May God bless you in this Lenten season!

5 thoughts on “Daily Jolts, Growling Tummies, and Sand in the Font: How the Newman Center is Observing Lent this Year

  1. Why would you ever fill the holy water font with sand? There’s nothing about holy water that is inherently Lenten. You wouldn’t tell people to stop praying the rosary (which is another sacramental). Similarly, why would you veil the statues so long before Holy Week? Why not leave them uncovered to aid the people in prayer? See this PDF (www.austindiocese.org/resources/general/1336.pdf) from our diocese reiterating what the Congregation for Divine Worship has written. I came across this post on Twitter and wanted to share what I have learned through my work in ministry.

    • Lindsay, Thanks for your correction! You’re absolutely right. In all my excitement about our upcoming events, I got my days confused and referenced Ash Wednesday instead of Holy Thursday; the post has been corrected and I’ve added some clarification as well. Thanks for stopping by our blog! I look forward to reading your commendations and ideas as well as your corrections.

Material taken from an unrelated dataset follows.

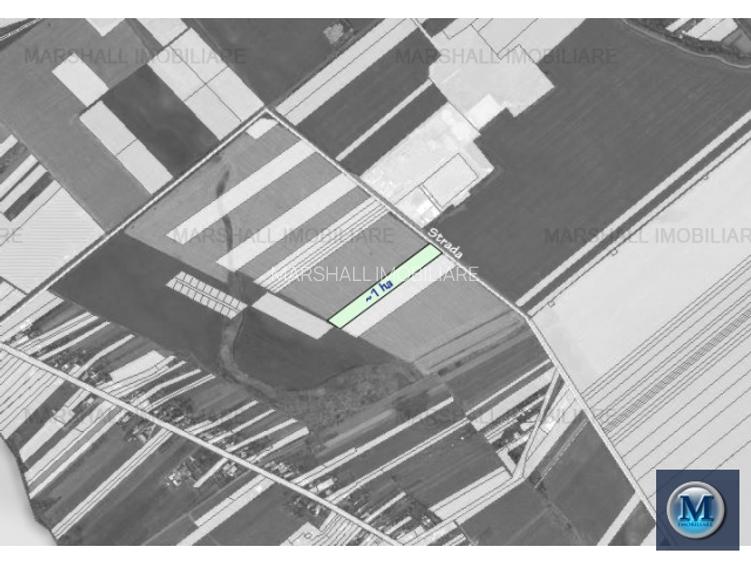 Teren intravilan de vanzare, zona Exterior Sud, 9903 mp #16110 - 2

      • Oh, okay! That makes much more sense. I do like your idea of having meatless meals together on Fridays of Lent. When I was in college, it was always fun to talk with other people about how to choose food that was meatless but still nutritious and tasty. One of my favorites is black beans and rice with maybe a little cheddar cheese on top filling, cheap, yummy, and meat-free.